The Collaborative reminds that renters have the right to demand that their landlords install smoke detectors in apartments. “Landlords are required by law to provide and install smoke detectors,” Hammonds said. “After that, it’s up to the residents to check batteries in the smoke detectors – and to replace them when needed.”
NEFC fire officials said homeowners should install a smoke alarm on each floor of a home. Test and clean the alarms each month – and check batteries to determine that they are working.
NEFC fire officials are offering the following tips for residents who use electric heaters:
- Never connect space heaters to extension cords because the heater can overload electrical circuits, sparking a fire.
- Do not use space heaters for long periods of time. Space heaters are designed to provide temporary warmth, fire officials said. When not in use, the heaters should be unplugged.
- Keep space heaters at least 3 feet from furniture, cleaning products and any other combustible materials.
- Keep space heaters away from water. Never use the heaters in bathrooms or other rooms where they might come in contact with water, the officials said.
- Always open a window slightly when using space heaters, to improve ventilation.

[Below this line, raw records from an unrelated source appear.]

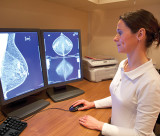 Radiology technician examines mammography test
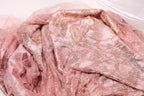 a close-up view of a pink and gold sequined fabric, possibly a dress or garment.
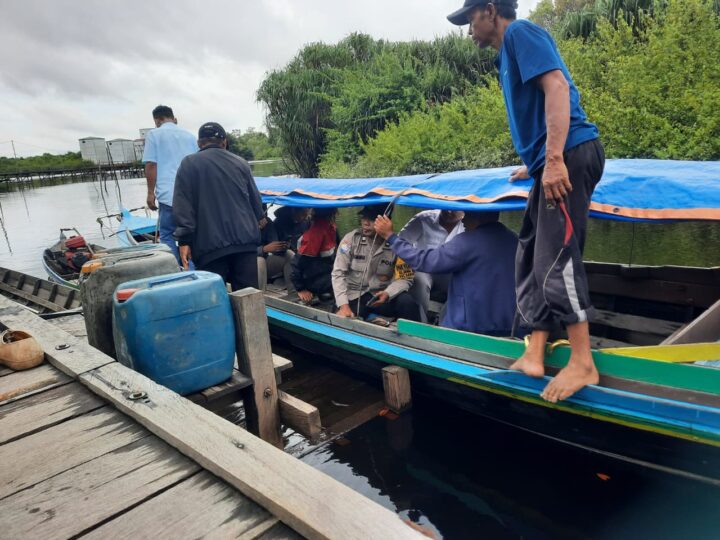 Bhabinkamtibmas Polsek Sabangau Dampingi Tim Survey Persiapan Dapur MBG di Danau Tundai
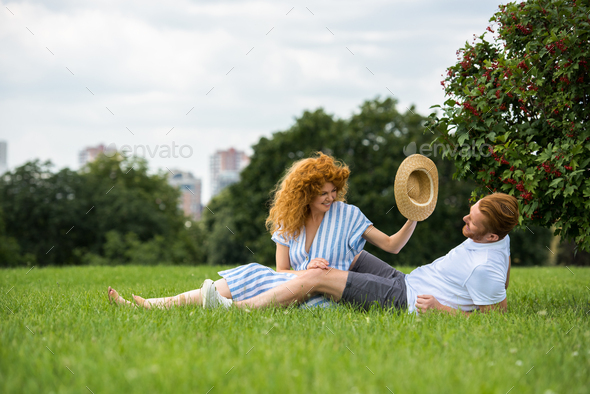 smiling redhead woman trying to putting on own straw hat on boyfriend head on grass in park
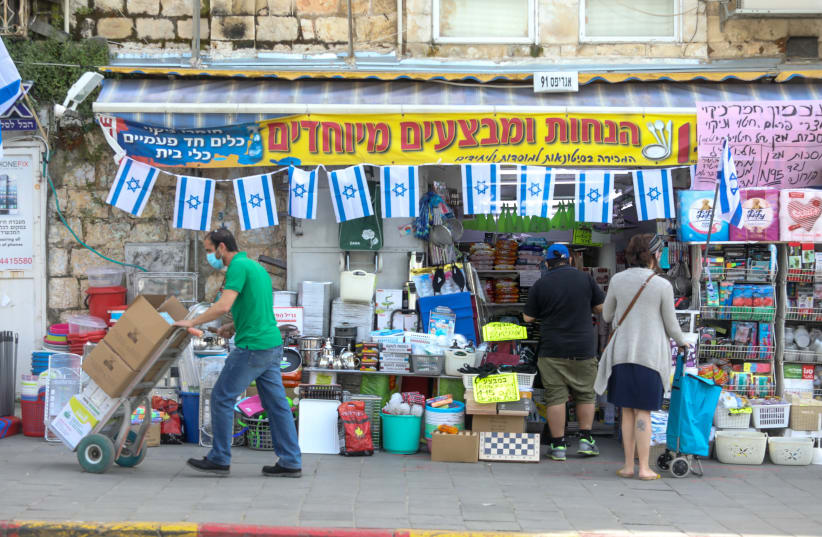 A shop opens at Agripas street in Jerusalem next to the Machane Yehuda market (photo credit: MARC ISRAEL SELLEM/THE JERUSALEM POST)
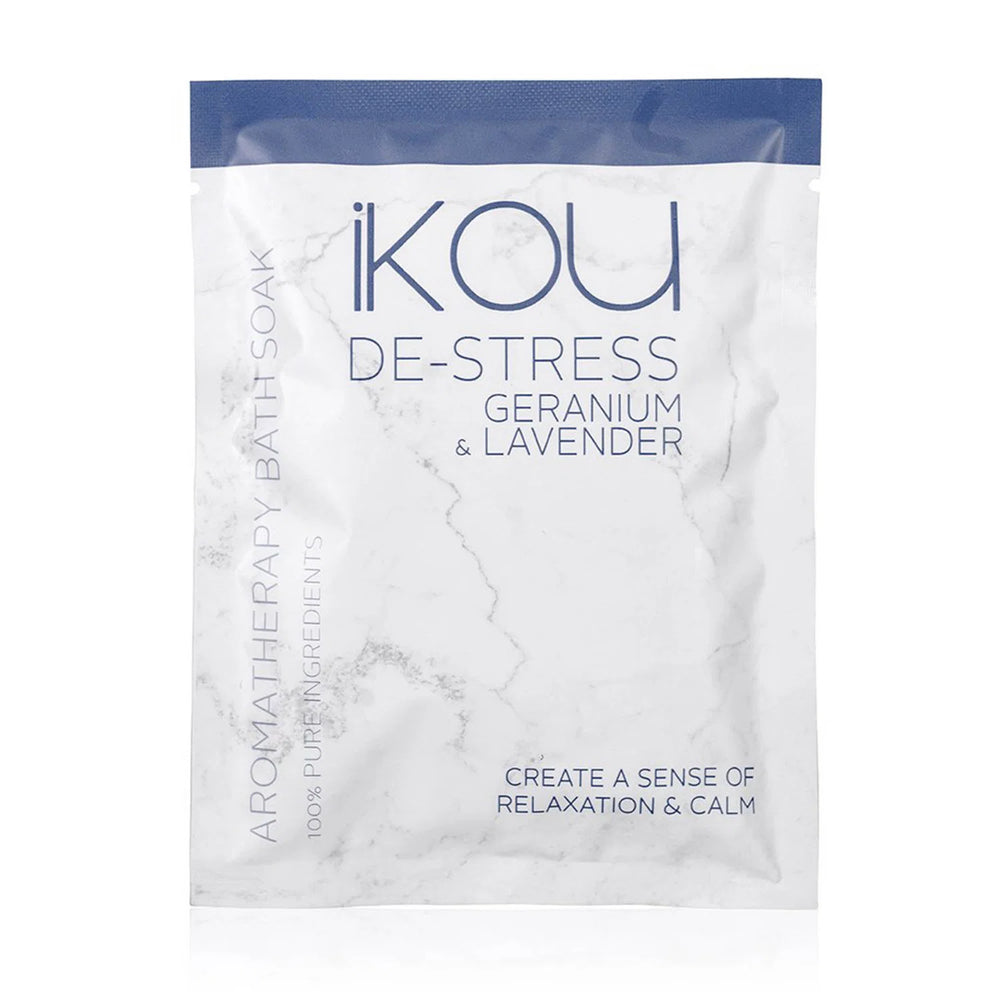 A package of iKOU De-Stress Bath Soak in Geranium & Lavender scent, featuring a white marble-patterned pouch with a blue top band and blue text.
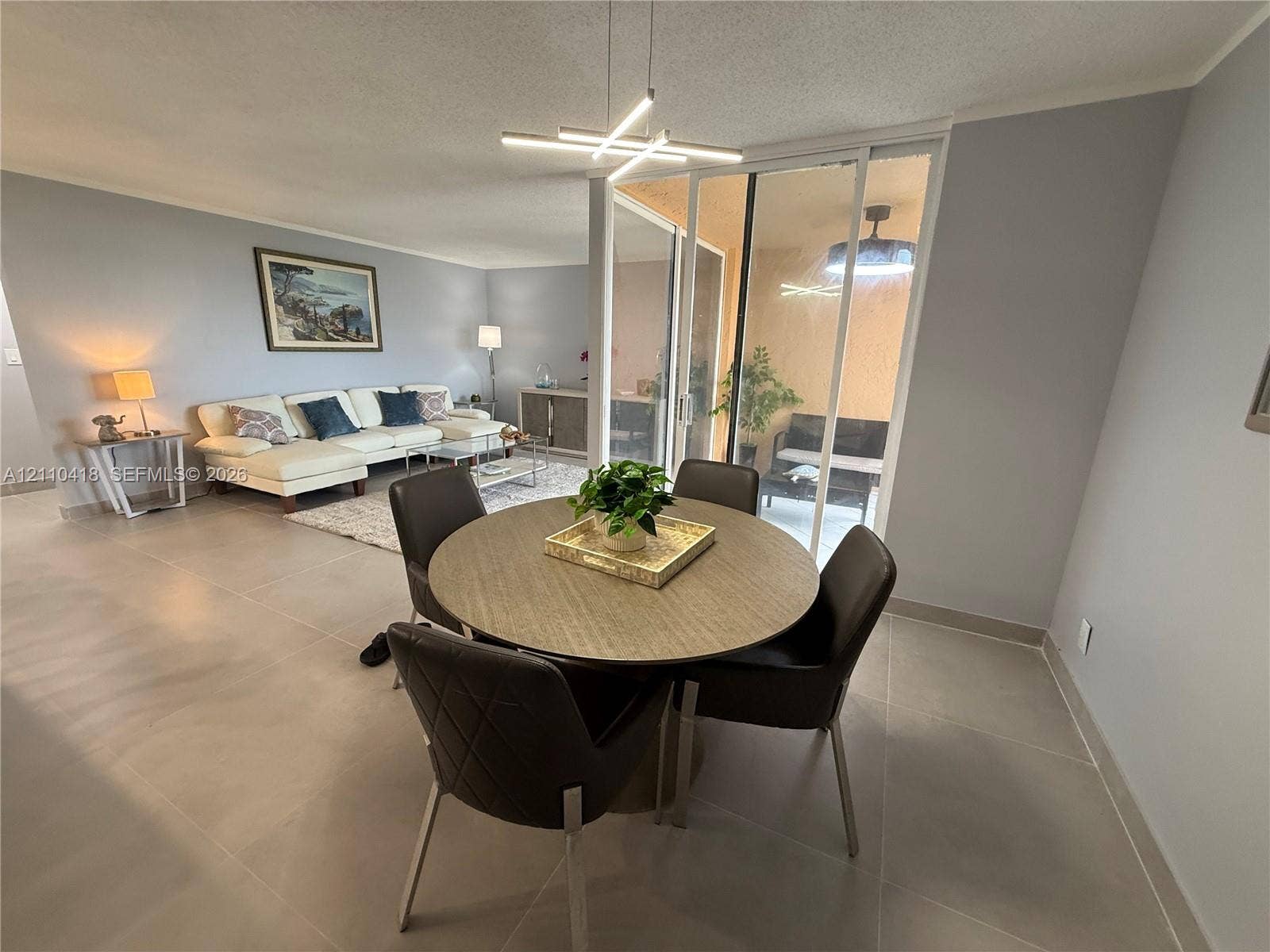 950 Egret Circle, #5409, Delray Beach, Delray Beach, FL 33444 Large-format tile flooring, modern geometric chandelier, and sliding glass door access to an enclosed patio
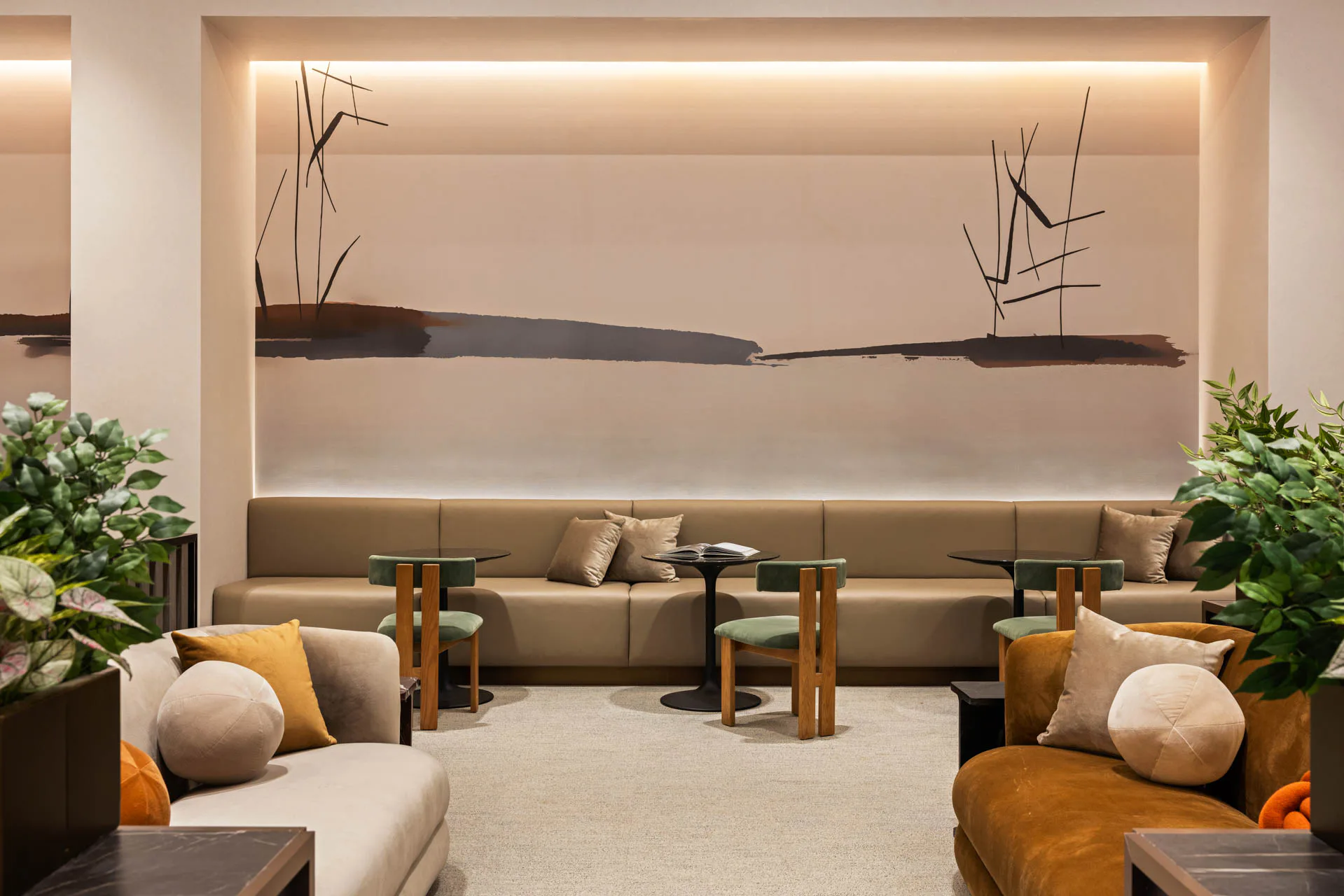 Modern lounge interior with beige seating, wooden side tables, potted plants, and an illuminated wall installation featuring abstract linear art by Tugce Kodalak.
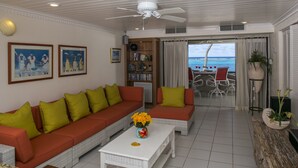 A living room with a white ceiling fan, a large sofa with green cushions, a white coffee table with a vase of yellow flowers, and a view of the ocean through a glass door.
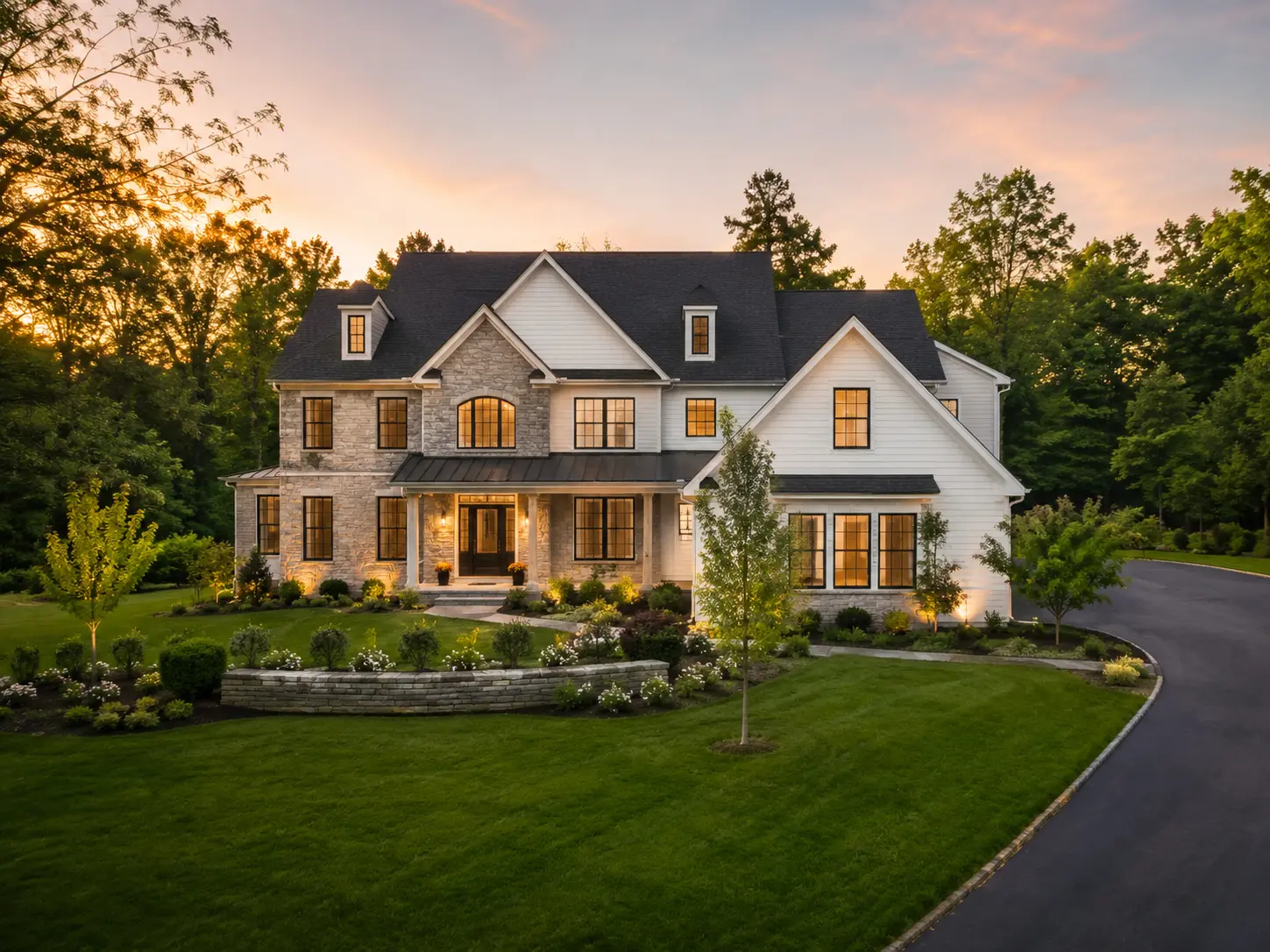 New construction custom home in Buckingham PA with stone exterior, wooded backdrop, landscaped yard, and private driveway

- Check heater cords to determine if they are frayed or damaged. Heaters with defective cords should never be used.
- Never use space heaters to dry clothing. Clothing can ignite and spark a blaze.
What should you do if your smoke detector goes off, if you notice smoke or a fire at home, or in a home or apartment in your neighborhood? NEFC officials urge you to stay calm, follow these suggestions – and never try to fight a fire on your own.
- If your clothes catch on fire, stop in your tracks, drop to the floor, and roll over and over to smother the flames.
- If a fire breaks out in your home, or in a non-fireproof apartment building, GET OUT as quickly as you can and call 9-1-1.
- If you live in an apartment dwelling and the fire is not in your apartment, STAY in your apartment. Do not run into smoke-filled halls or stairwells but immediately call 9-1-1.
- Call 911 from your apartment, if you can.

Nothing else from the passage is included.